# 100% flourite or 50% flourite + 50% dennerle crystal quarz gravel



## -tombba- (Jun 22, 2011)

So I already ordered 4 bags of seachem flourite and I originally planned to use 100% of it in my aproximately 120gallon tank. But now I have really considered using only 50% of flourite and topping it with dennerle crystal quarz gravel. I appreciate any experience using similar substrate. Gravel would be bit cheaper and easier to plant smaller plants that I intend to use but do I lose the benefit of flourite then. My tank is sized 150cm x 50cm x 60xm (about 6 x 1,6 x 2feet or 60 x 20 x 24inches). I'm going to use filter sponge underneath the substrate to help my driftwoods stay in place.

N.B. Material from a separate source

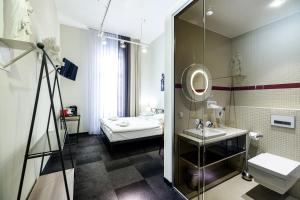 een badkamer met een bed, een wastafel en een spiegel bij Home Aparthotel in Krakau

This is the gravel I would be using on top layer:

http://www.dennerle.eu/global/index...category&layout=blog&id=74&Itemid=120&lang=en


----------



## Hoppy (Dec 24, 2005)

I have never heard of using sponges under the substrate, for any reason. I don't see how that is going to be successful. The best way to keep the driftwood pieces from floating up is to attach it to pieces of slate, granite, or other carbonate-free rocks with stainless steel screws, and bury the rocks below the substrate.

A basic principle of layers of rocks is that the larger rocks migrate to the surface. If you cover regular flourite with small grain gravel, the flourite will eventually be on top. If you want to use the gravel, just use it, and use substrate fertilizing too. Or, use mineralized topsoil under the gravel.


----------



## -tombba- (Jun 22, 2011)

Thanks for your opininon Hoppy. I think I'm going to go with only flourite after all. I just hope that it is not too difficult to plant small foreground plants like HC and glosso on to it. 



Heres one example of using filter sponge under gravel:

http://www.aquacube.it/aqua/images/speciali/ada_faberi_2008/makingof/1_Faberi_Ghidini_ADA_2008.jpg

and with substrate on it:

http://www.aquacube.it/aqua/images/speciali/ada_faberi_2008/makingof/6_Faberi_Ghidini_ADA_2008.jpg


----------



## PinoyBoy (Mar 14, 2008)

I don't think that's filter sponge, it might be foam. My guess would be that the foam is used to fill in the gaps beneath the DW, as a filler, so they don't have to use as much substrate. 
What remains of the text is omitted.